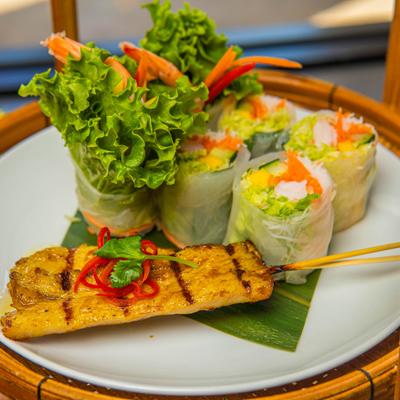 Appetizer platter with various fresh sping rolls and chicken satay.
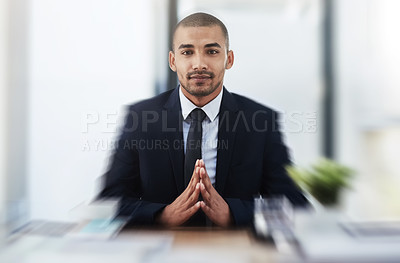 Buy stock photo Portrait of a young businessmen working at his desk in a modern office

==

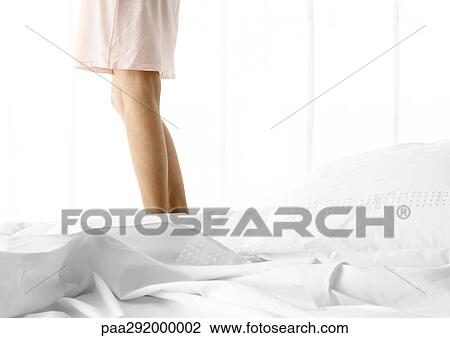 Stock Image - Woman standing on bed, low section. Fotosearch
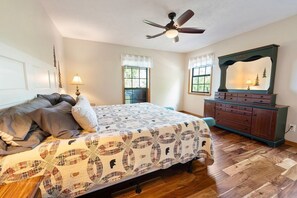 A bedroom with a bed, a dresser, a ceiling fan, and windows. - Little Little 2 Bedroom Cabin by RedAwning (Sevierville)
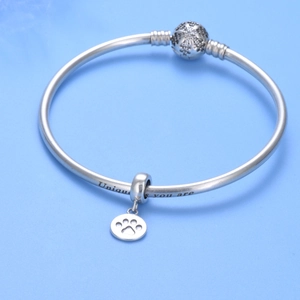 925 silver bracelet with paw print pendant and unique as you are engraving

» Work required
Reproduce the listing above from the line that holds "Appetizer platter with" through the line that holds "Buy stock photo", both included, with the pictures left out.

» Result for this exercise
 Appetizer platter with various fresh sping rolls and chicken satay.
 Buy stock photo Portrait of a young businessmen working at his desk in a modern office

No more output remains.